• **Task goal**:
Exact reproduction of the listing is required. Pictures are not reproduced.

• **Dataset extract**:

┌──

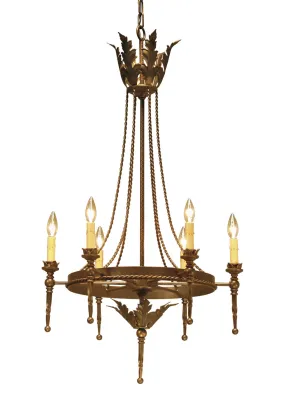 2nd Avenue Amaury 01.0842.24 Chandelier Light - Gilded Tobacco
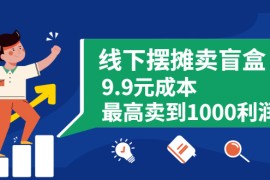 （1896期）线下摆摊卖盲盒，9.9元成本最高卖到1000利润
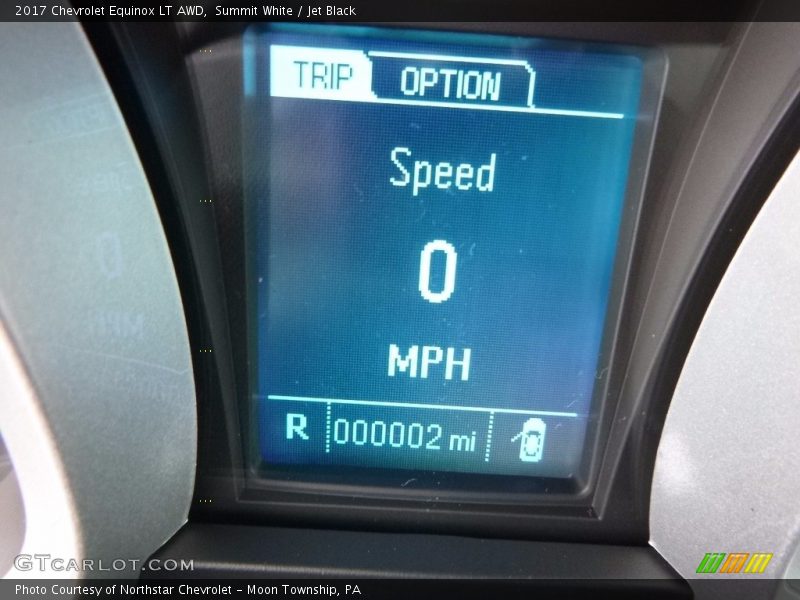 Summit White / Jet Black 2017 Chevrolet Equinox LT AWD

└──

• **Answer section**:
 2nd Avenue Amaury 01.0842.24 Chandelier Light - Gilded Tobacco
 （1896期）线下摆摊卖盲盒，9.9元成本最高卖到1000利润
 Summit White / Jet Black 2017 Chevrolet Equinox LT AWD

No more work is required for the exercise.